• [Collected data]
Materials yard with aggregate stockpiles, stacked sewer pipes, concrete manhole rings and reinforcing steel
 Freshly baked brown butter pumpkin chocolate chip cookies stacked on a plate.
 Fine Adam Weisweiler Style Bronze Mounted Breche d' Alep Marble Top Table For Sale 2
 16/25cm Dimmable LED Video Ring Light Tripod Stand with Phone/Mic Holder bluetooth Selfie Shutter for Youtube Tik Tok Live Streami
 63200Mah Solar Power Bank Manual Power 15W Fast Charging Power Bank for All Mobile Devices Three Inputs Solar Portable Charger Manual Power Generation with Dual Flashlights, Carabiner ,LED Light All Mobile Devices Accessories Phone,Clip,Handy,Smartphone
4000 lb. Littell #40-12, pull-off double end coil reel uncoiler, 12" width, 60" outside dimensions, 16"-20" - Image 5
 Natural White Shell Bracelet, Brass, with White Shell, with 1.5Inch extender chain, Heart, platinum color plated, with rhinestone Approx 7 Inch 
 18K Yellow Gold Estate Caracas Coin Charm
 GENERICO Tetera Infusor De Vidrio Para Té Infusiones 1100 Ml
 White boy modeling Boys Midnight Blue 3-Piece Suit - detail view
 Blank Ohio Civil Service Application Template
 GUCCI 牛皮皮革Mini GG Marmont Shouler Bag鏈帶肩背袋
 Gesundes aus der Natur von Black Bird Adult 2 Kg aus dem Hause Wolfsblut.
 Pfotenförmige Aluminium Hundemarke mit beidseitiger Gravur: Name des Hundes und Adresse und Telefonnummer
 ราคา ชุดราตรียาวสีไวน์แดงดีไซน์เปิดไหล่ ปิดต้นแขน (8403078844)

• [WHAT TO WORK ON]
State the number of lines in these entries where the word "White" occurs, without any other words.

• [ANSWER TO THIS EXERCISE]
2